▸ What you should do: Images are not part of the copy; write out the rest of the data exactly as given.

▸ Dataset content:
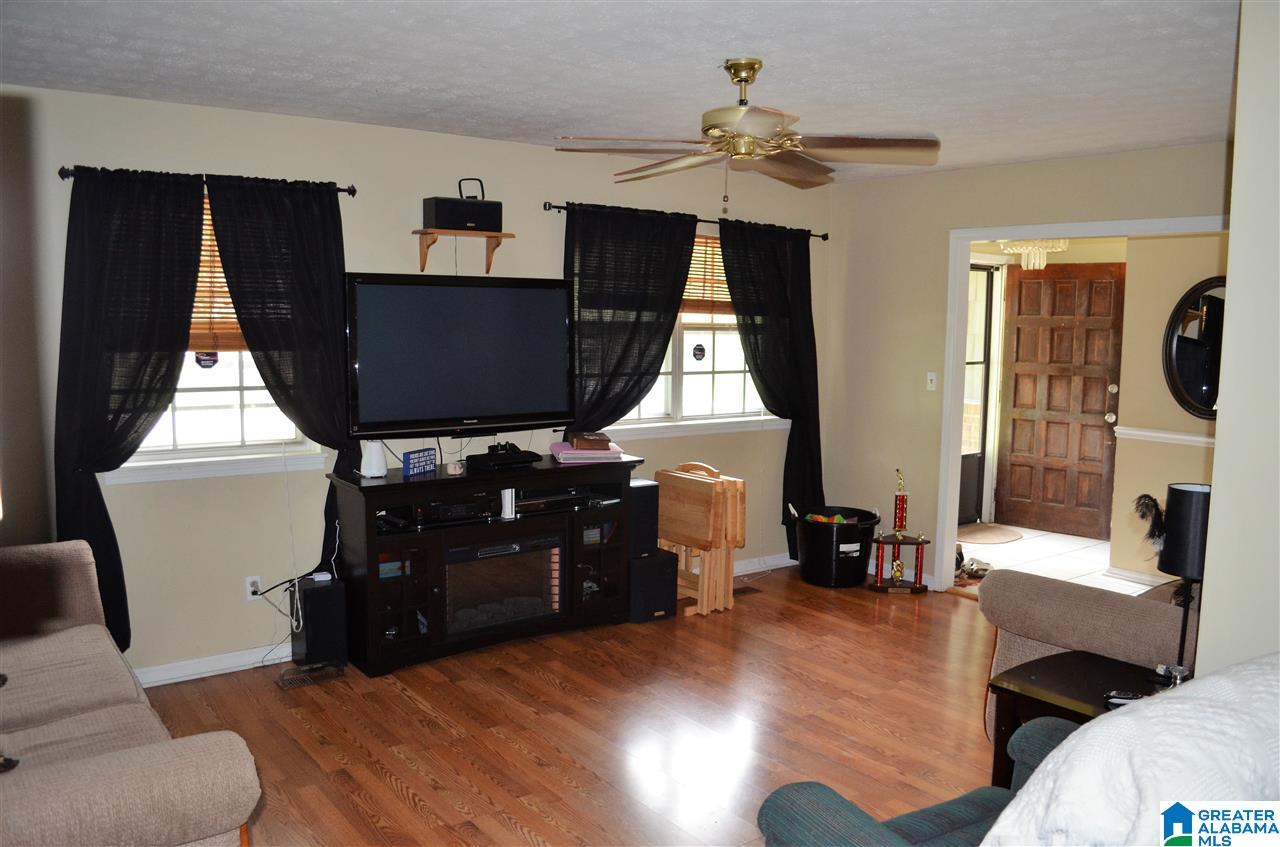 309 St John Road Northwest Birmingham, AL 35215 - Photo 3 of 18
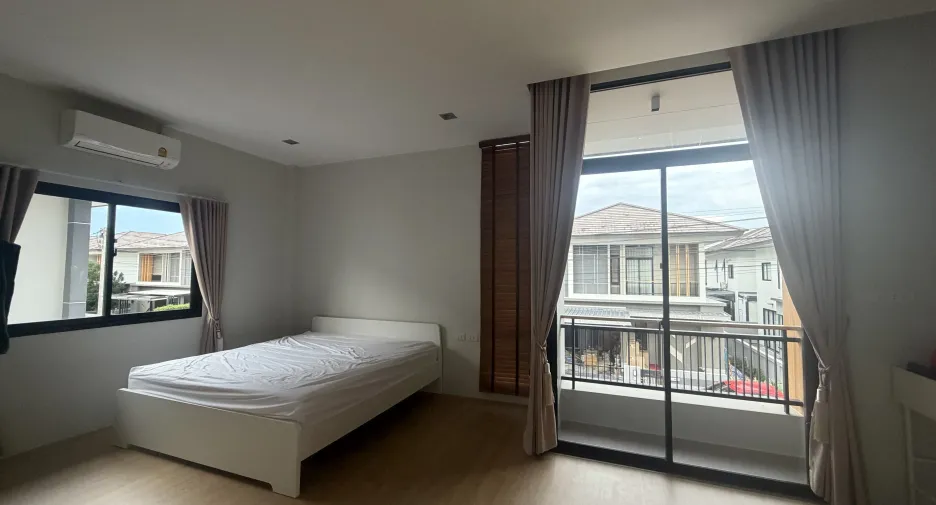 For sale 3 bedrooms house in Hat Yai, Songkhla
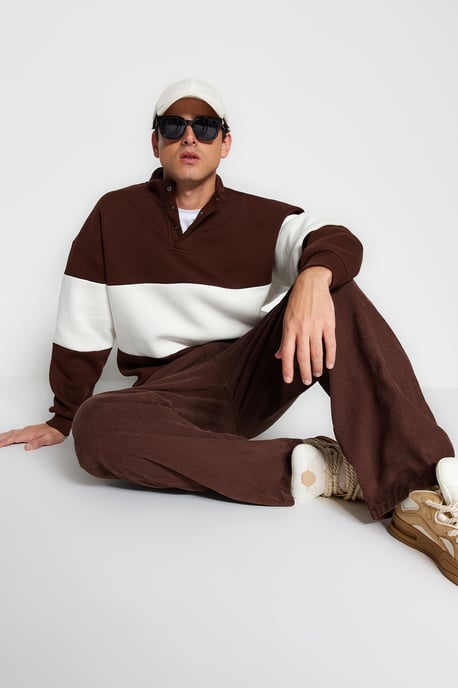 TRENDYOL MAN Men's Brown Color block Long Oversize Sweatshirts - Image 2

▸ Reply to the exercise:
 309 St John Road Northwest Birmingham, AL 35215 - Photo 3 of 18
 For sale 3 bedrooms house in Hat Yai, Songkhla
 TRENDYOL MAN Men's Brown Color block Long Oversize Sweatshirts - Image 2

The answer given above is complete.